Exactly the lines from the one with "Wall Street en" through the end of the data below must be set down, and no pictures with them.
****************
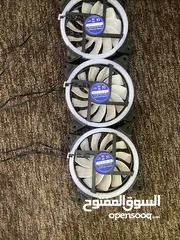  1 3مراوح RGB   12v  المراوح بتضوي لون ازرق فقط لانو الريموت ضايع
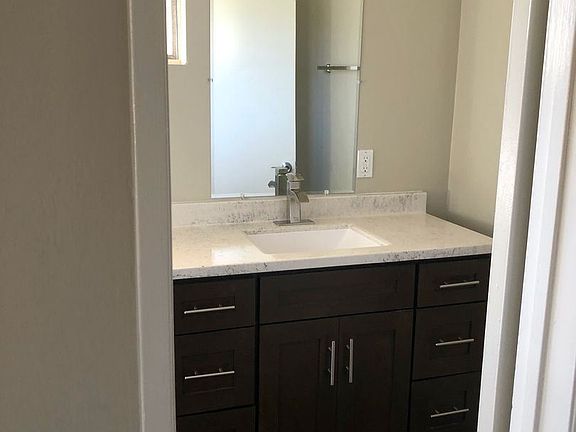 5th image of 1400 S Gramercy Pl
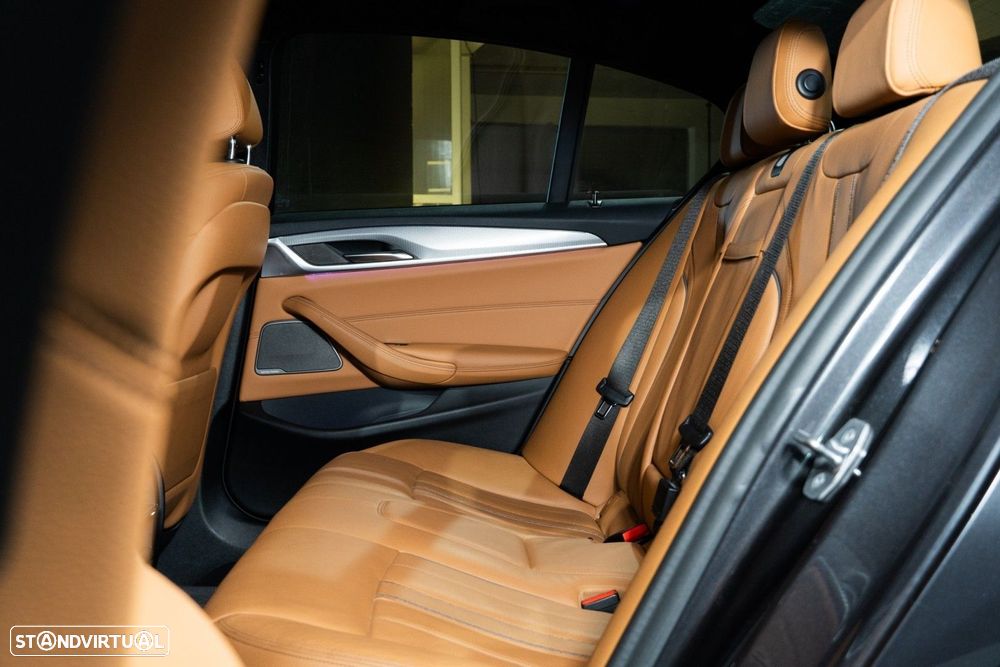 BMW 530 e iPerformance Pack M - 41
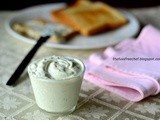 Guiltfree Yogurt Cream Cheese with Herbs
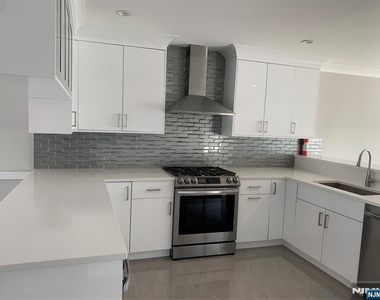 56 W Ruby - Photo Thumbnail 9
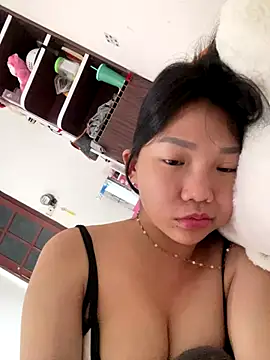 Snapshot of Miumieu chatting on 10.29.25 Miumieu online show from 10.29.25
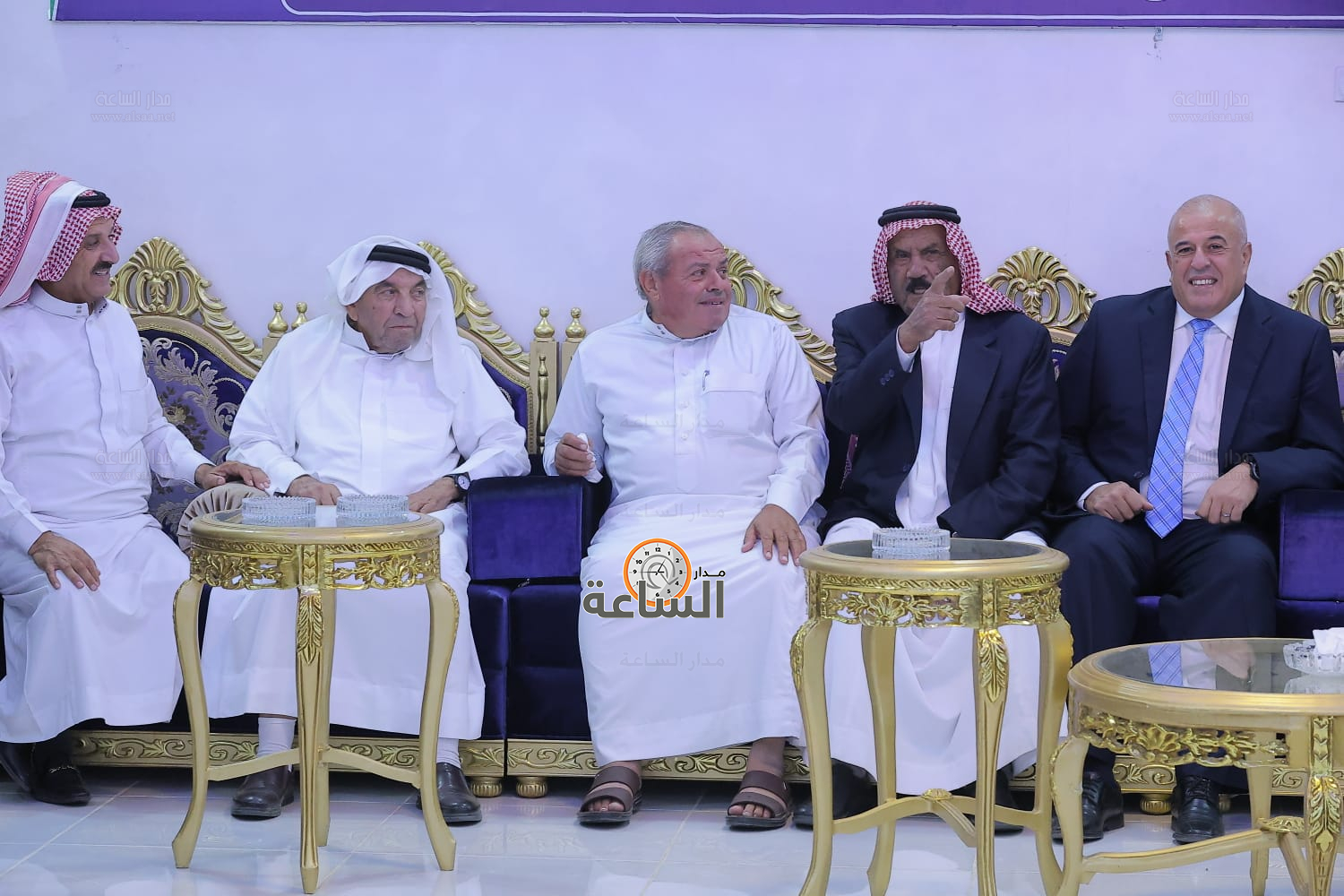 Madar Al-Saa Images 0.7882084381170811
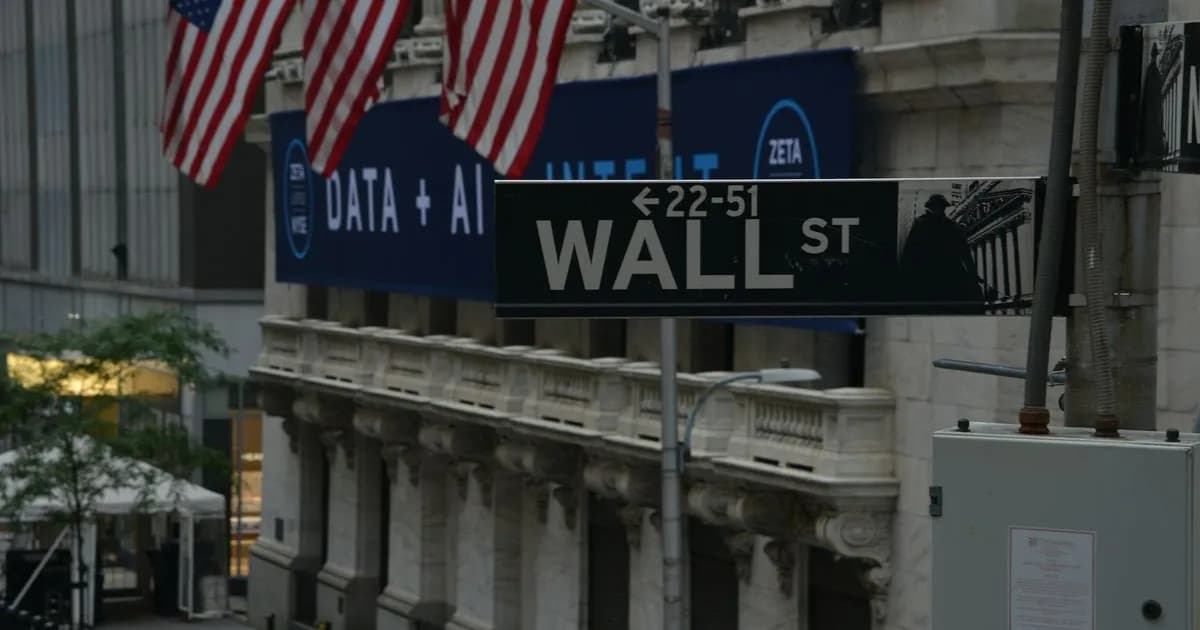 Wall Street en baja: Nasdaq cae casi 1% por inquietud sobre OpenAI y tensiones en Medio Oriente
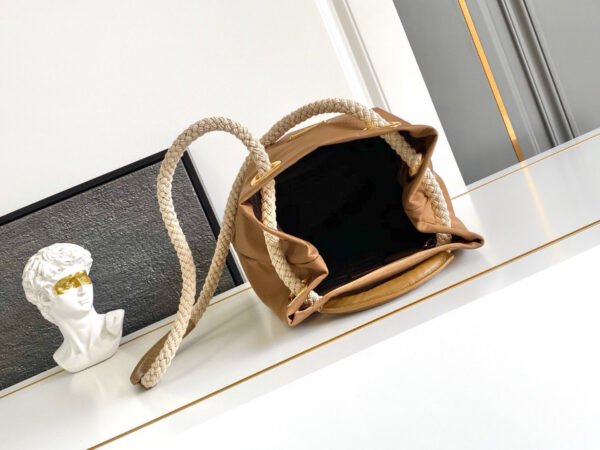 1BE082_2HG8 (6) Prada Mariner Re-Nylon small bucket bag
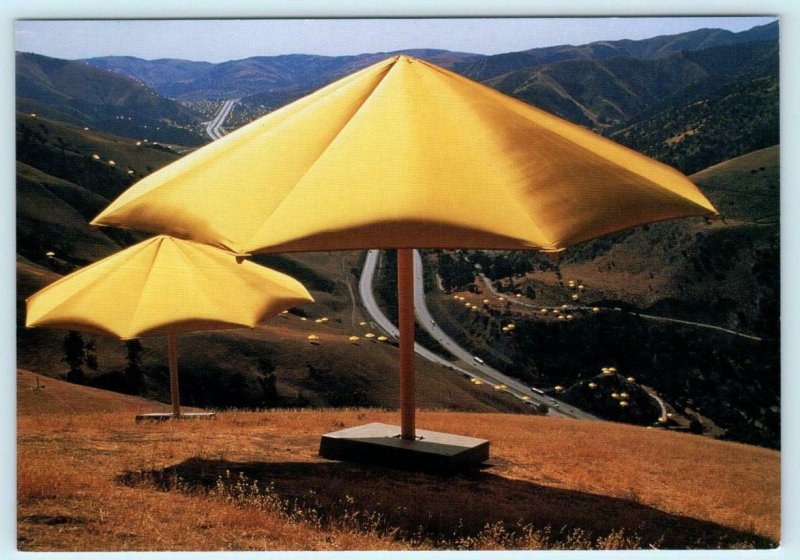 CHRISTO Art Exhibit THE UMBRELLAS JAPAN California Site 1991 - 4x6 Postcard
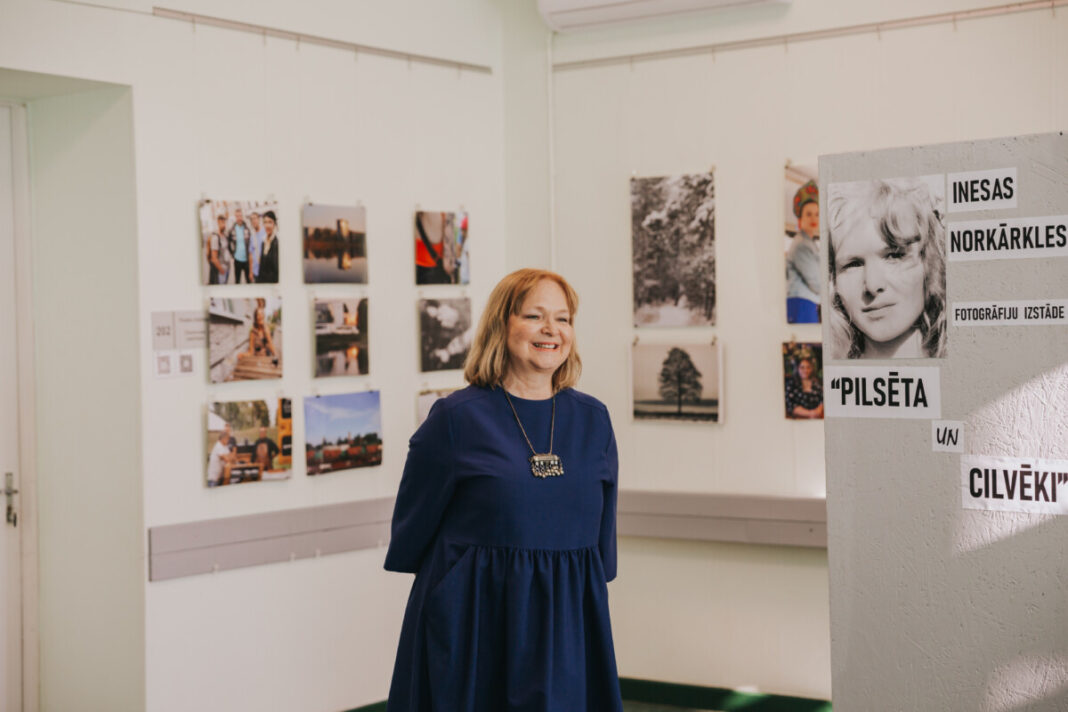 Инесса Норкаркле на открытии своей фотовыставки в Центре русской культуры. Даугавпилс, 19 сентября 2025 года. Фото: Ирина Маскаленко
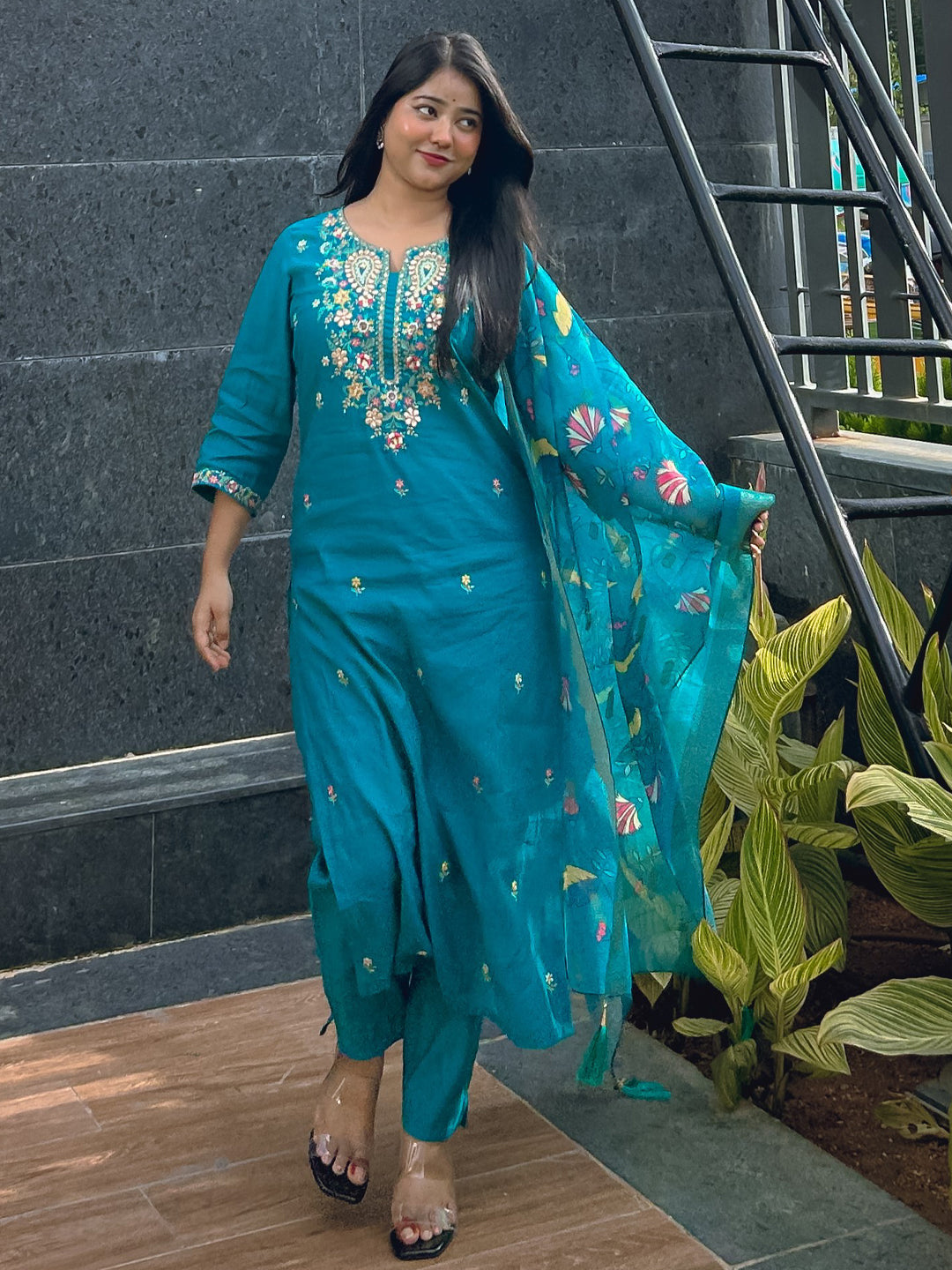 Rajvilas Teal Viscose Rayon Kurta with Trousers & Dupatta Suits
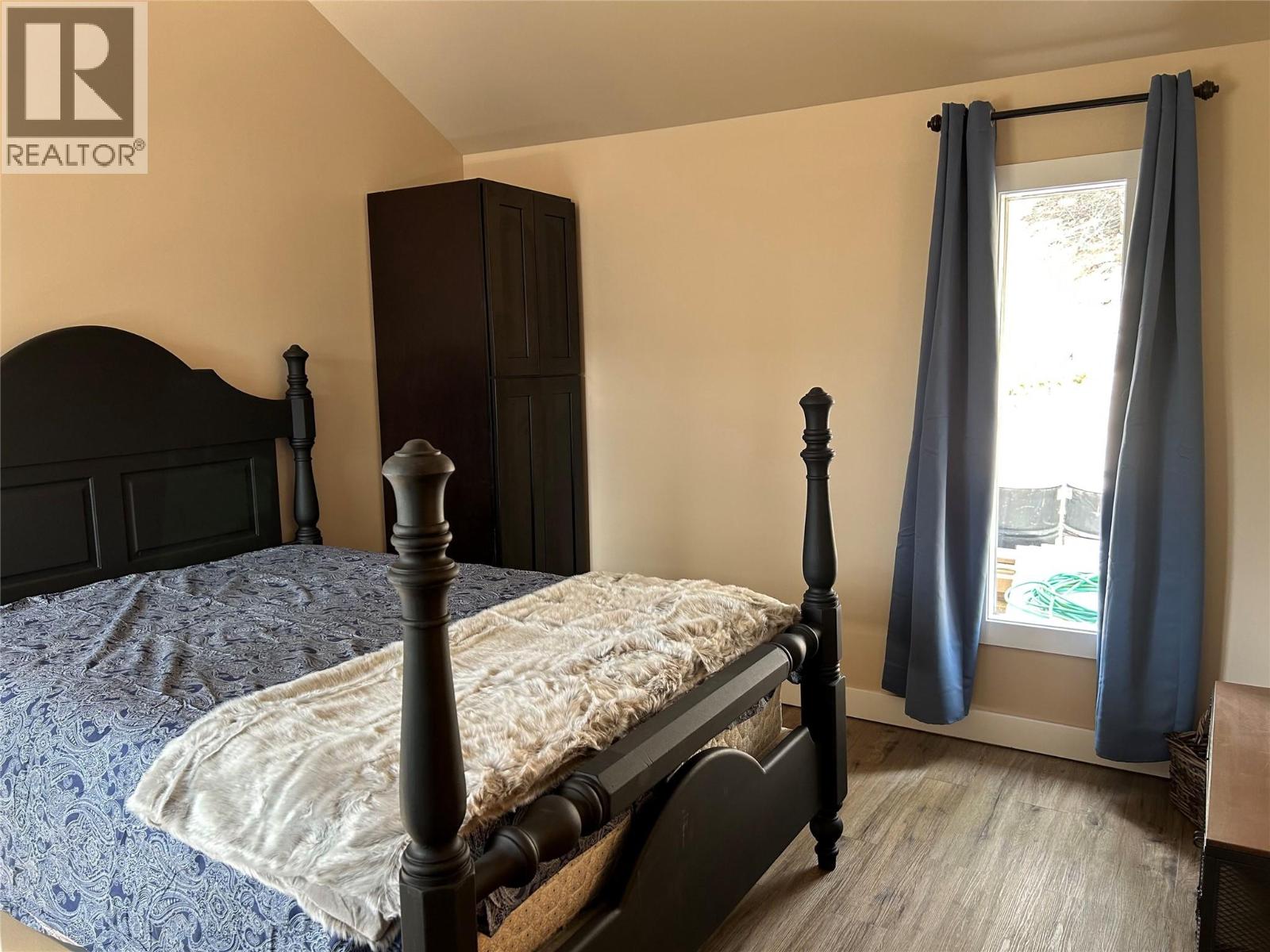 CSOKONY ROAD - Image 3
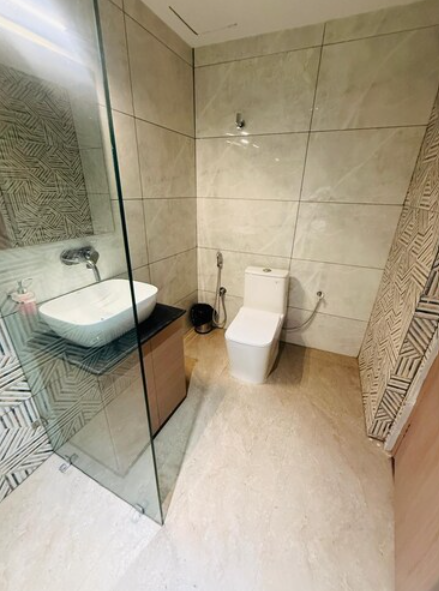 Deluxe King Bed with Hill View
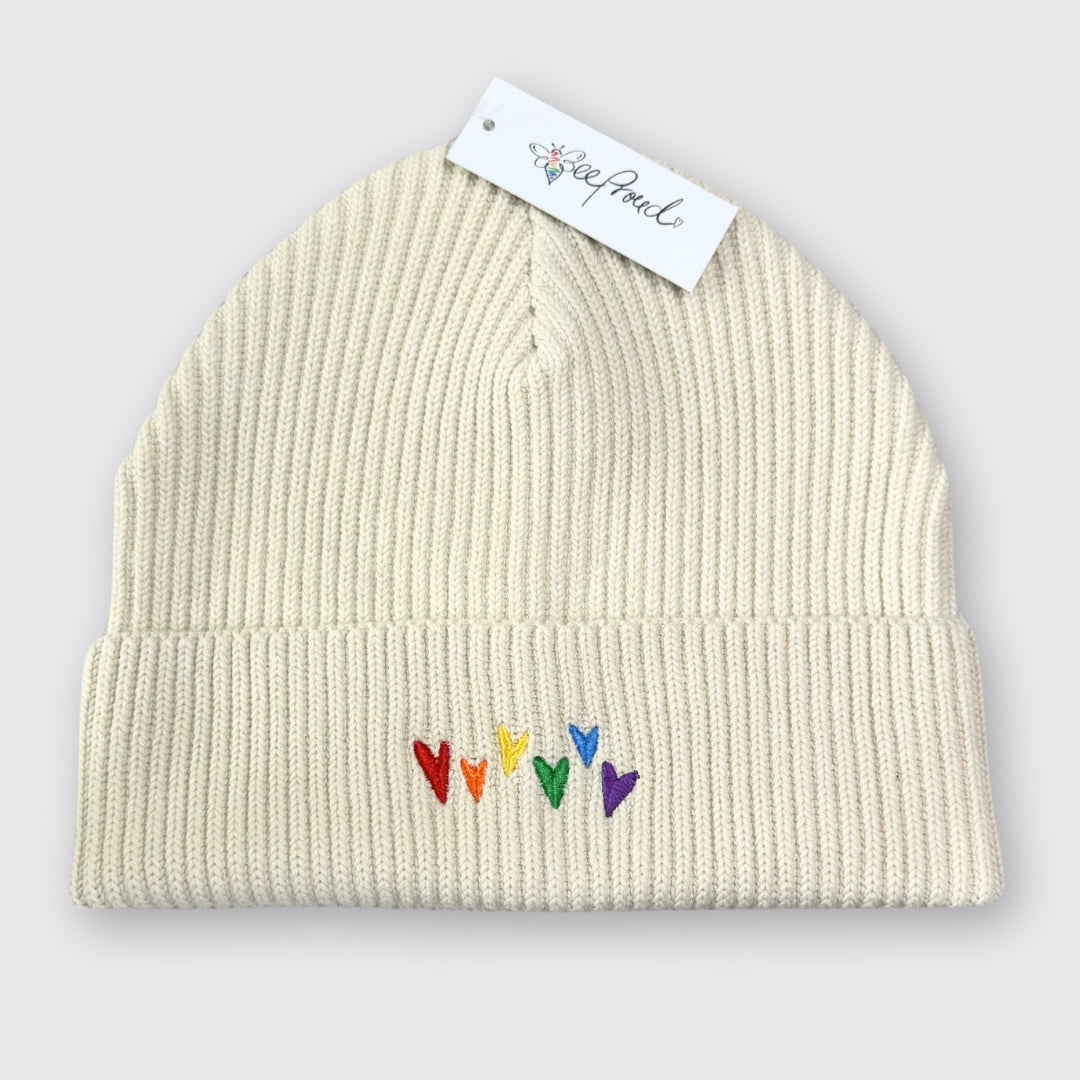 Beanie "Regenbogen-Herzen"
****************
• OUTPUT
 Wall Street en baja: Nasdaq cae casi 1% por inquietud sobre OpenAI y tensiones en Medio Oriente
 1BE082_2HG8 (6) Prada Mariner Re-Nylon small bucket bag
 CHRISTO Art Exhibit THE UMBRELLAS JAPAN California Site 1991 - 4x6 Postcard
 Инесса Норкаркле на открытии своей фотовыставки в Центре русской культуры. Даугавпилс, 19 сентября 2025 года. Фото: Ирина Маскаленко
 Rajvilas Teal Viscose Rayon Kurta with Trousers & Dupatta Suits
 CSOKONY ROAD - Image 3
 Deluxe King Bed with Hill View
 Beanie "Regenbogen-Herzen"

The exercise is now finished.